Guraleus amplexus is a species of sea snail, a marine gastropod mollusk in the family Mangeliidae.

==Description==
The length of the shell attains 8 mm, its diameter 2.5 mm.

(Original description by Bartsch) The shell is elongate-conic, white or cream-yellow. The protoconch contains 2½ whorls, well rounded and smooth. The 5 teleoconch whorls are strongly rounded. They are provided with decidedly sinuous, strong, protractively slanting, almost sublamellar, axial ribs, of which 14 occur upon the first three and 12 upon the remaining whorls. These ribs are about one-third as wide as the spaces which separate them. In addition to the ribs, the whorls are marked by narrow, deeply incised, spiral sulci, which are about one-third as wide as the flat spaces that separate them. The increase in these sulci from the early whorls to the later takes place by the intercalation of new sulci in the flat spaces, which usually begin as fine incised striations. Of these sulci 6 occur upon the first, 10 upon the second, 17 upon the third, 14 upon the fourth, and 19 upon the penultimate whorl. The periphery of the body whorl is well rounded.

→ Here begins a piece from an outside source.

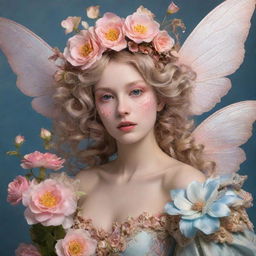 A hyper-realistic rococo fairy infused with a flower aesthetic, emanating warm vibes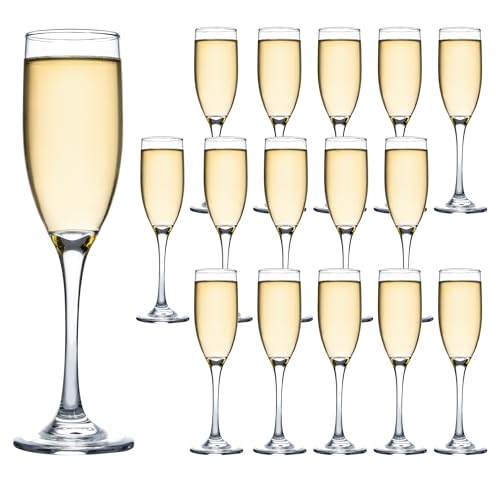 UMEIED 6 Oz Classic Champagne Flutes Set of 16, Long Stemmed Crystal Clear Champagne Glasses, Sparkling Wine Glasses for Home Party Wedding Birthday Housewarming Gifts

The base of the shell is protracted, marked by the strong continuations of the axial ribs, which become evanescent at the insertion of the columella, and 23 incised spiral sulci, which are a little more distantly spaced on the columella than on the posterior half of the base. The aperture is decidedly channeled anteriorly, posteriorly with a strong notch immediately below the suture.

==Distribution==
This marine species occurs at Simon's Bay, South Africa.